* What is required
Exactly as written and without the pictures, output the entries below.

[Stored data]

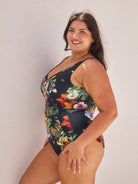 Woman wearing a floral one-piece swimsuit against a plain background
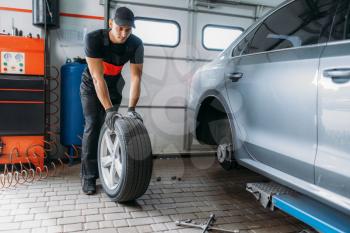 Auto mechanic in uniform holds wheel, tire service. Worker repairs car tyre in garage, professional automobile inspection in workshop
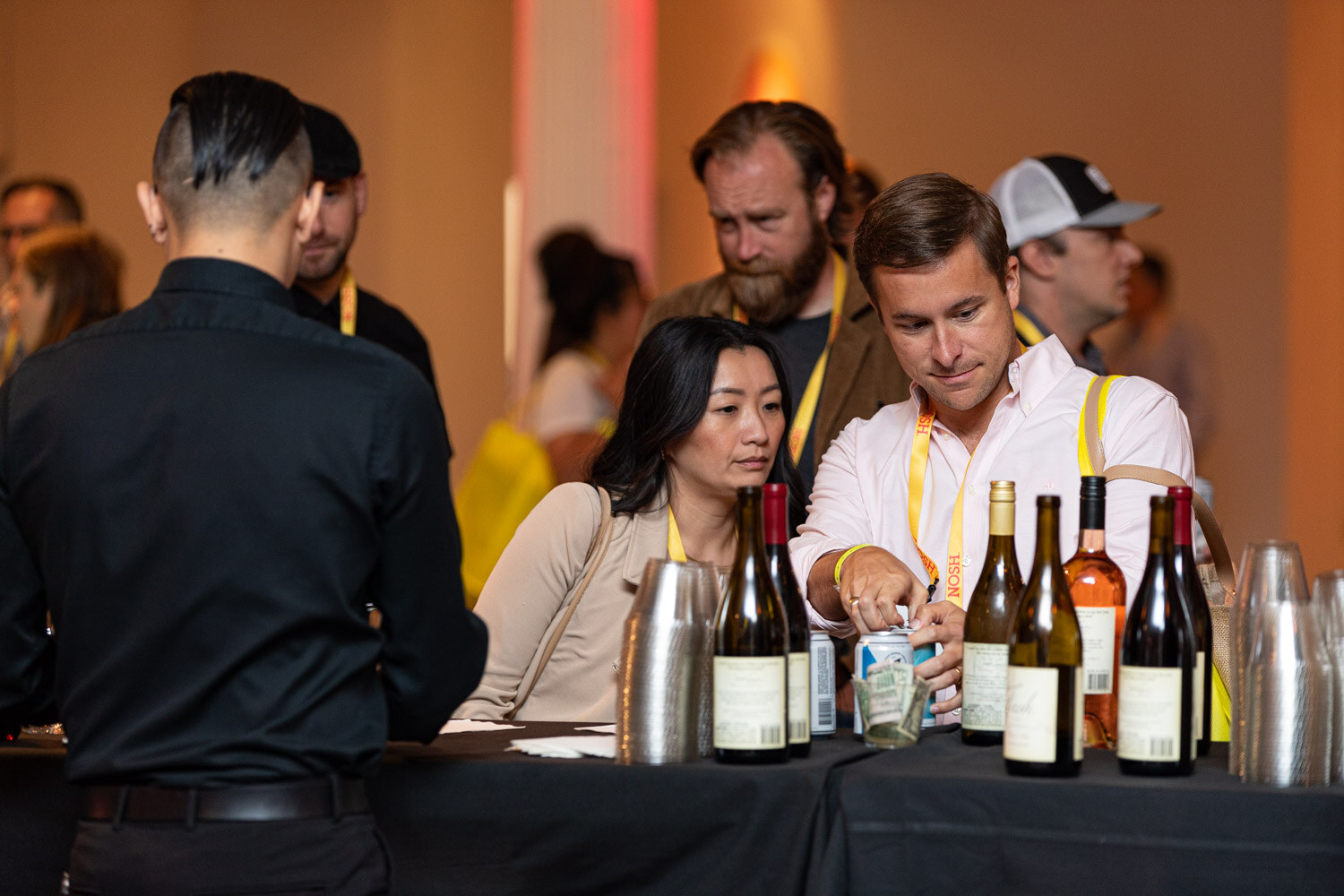 Black bar table with wine bottles and shakers, a bartender in black with his back to the camera and guests in front of him.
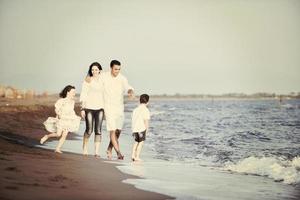 happy young family have fun on beach at sunset photo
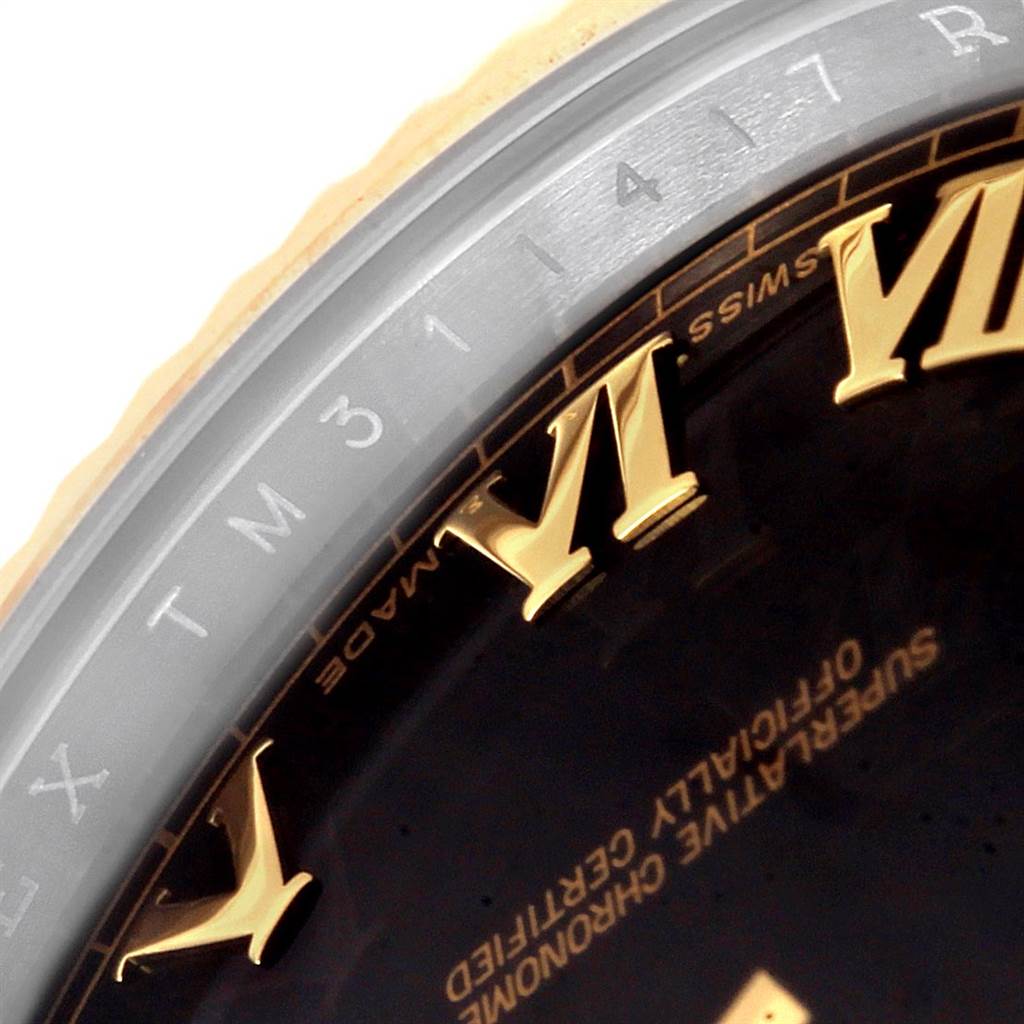 This close-up image shows the bezel and part of the dial of a Rolex Datejust 41 116333 Men's Steel and Gold (two tone) Black Dial 116333 Men's Steel and Gold (two tone) Black Dial watch, highlighting the Roman numerals and inscriptions.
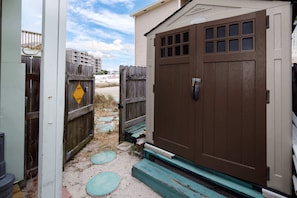 A wooden garage door with a window, a wooden fence, and a sandy path leading to a building.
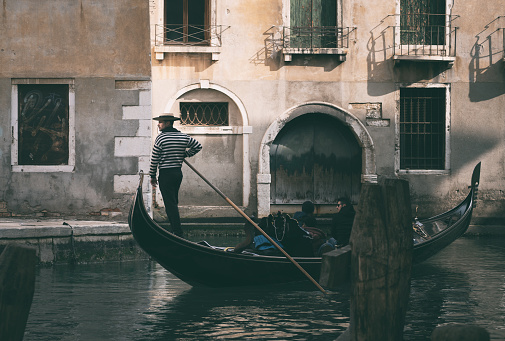 Gondola ride on a canal of Venice in Italy, view from the gondola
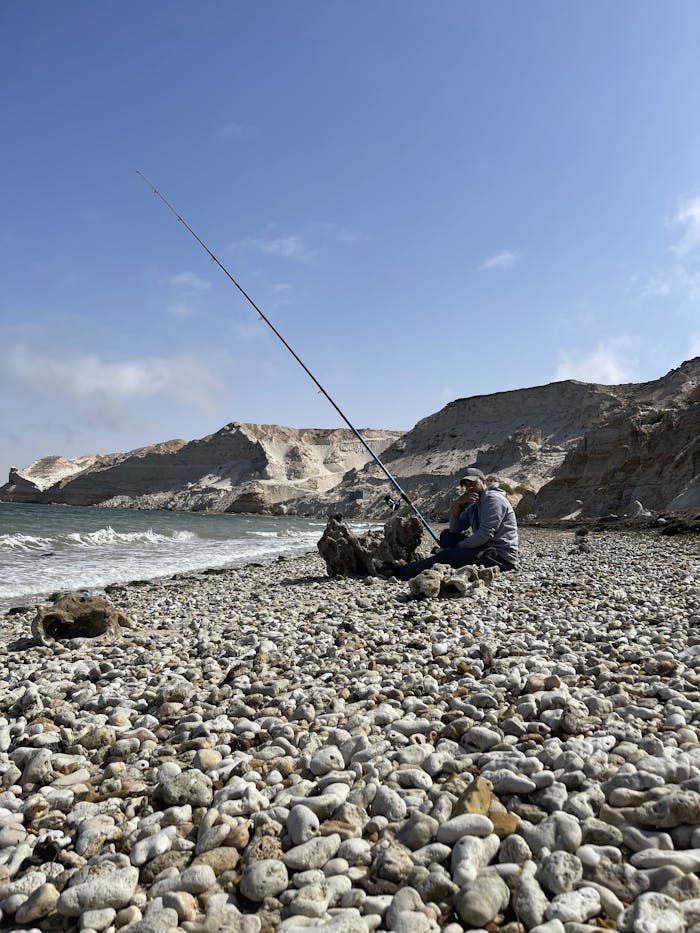 A lone fisherman sits on a rocky beach casting a line into the ocean under a clear blue sky.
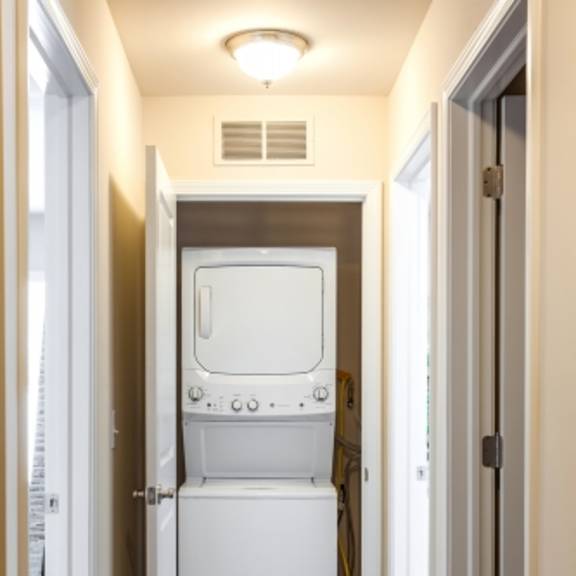 a white oven and fridge in a narrow hallway.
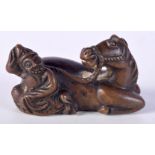 A CHINESE BRONZE SCROLL WEIGHT IN THE FORM OF A MAN WITH A HORSE. 4.25cm x 7.7cm, weight 211g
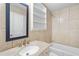 Bathroom with tile shower, granite counters and built-in shelving at 1260 White Oak Se St, Conyers, GA 30013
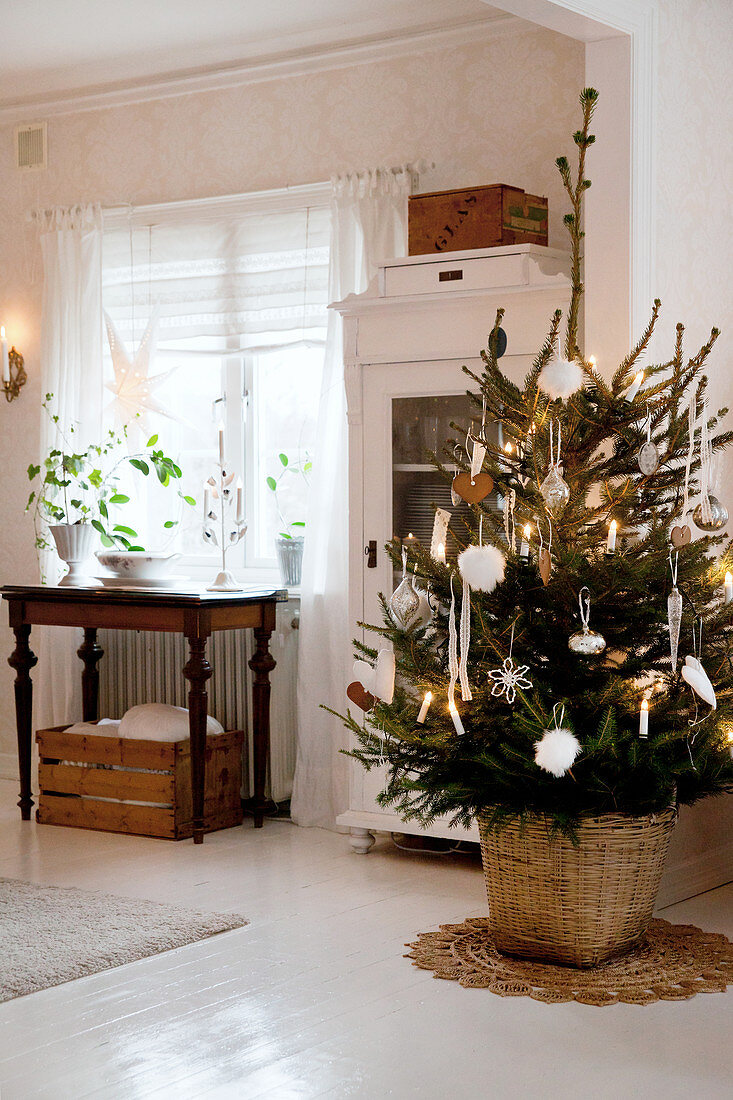 Decorated Christmas tree in front of glass-fronted cabinet in Scandinavian dining room with white wooden floor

* Written response
 Woman wearing a floral one-piece swimsuit against a plain background
 Auto mechanic in uniform holds wheel, tire service. Worker repairs car tyre in garage, professional automobile inspection in workshop
 Black bar table with wine bottles and shakers, a bartender in black with his back to the camera and guests in front of him.
 happy young family have fun on beach at sunset photo
 This close-up image shows the bezel and part of the dial of a Rolex Datejust 41 116333 Men's Steel and Gold (two tone) Black Dial 116333 Men's Steel and Gold (two tone) Black Dial watch, highlighting the Roman numerals and inscriptions.
 A wooden garage door with a window, a wooden fence, and a sandy path leading to a building.
 Gondola ride on a canal of Venice in Italy, view from the gondola
 A lone fisherman sits on a rocky beach casting a line into the ocean under a clear blue sky.
 a white oven and fridge in a narrow hallway.
 A CHINESE BRONZE SCROLL WEIGHT IN THE FORM OF A MAN WITH A HORSE. 4.25cm x 7.7cm, weight 211g
 Bathroom with tile shower, granite counters and built-in shelving at 1260 White Oak Se St, Conyers, GA 30013
 Decorated Christmas tree in front of glass-fronted cabinet in Scandinavian dining room with white wooden floor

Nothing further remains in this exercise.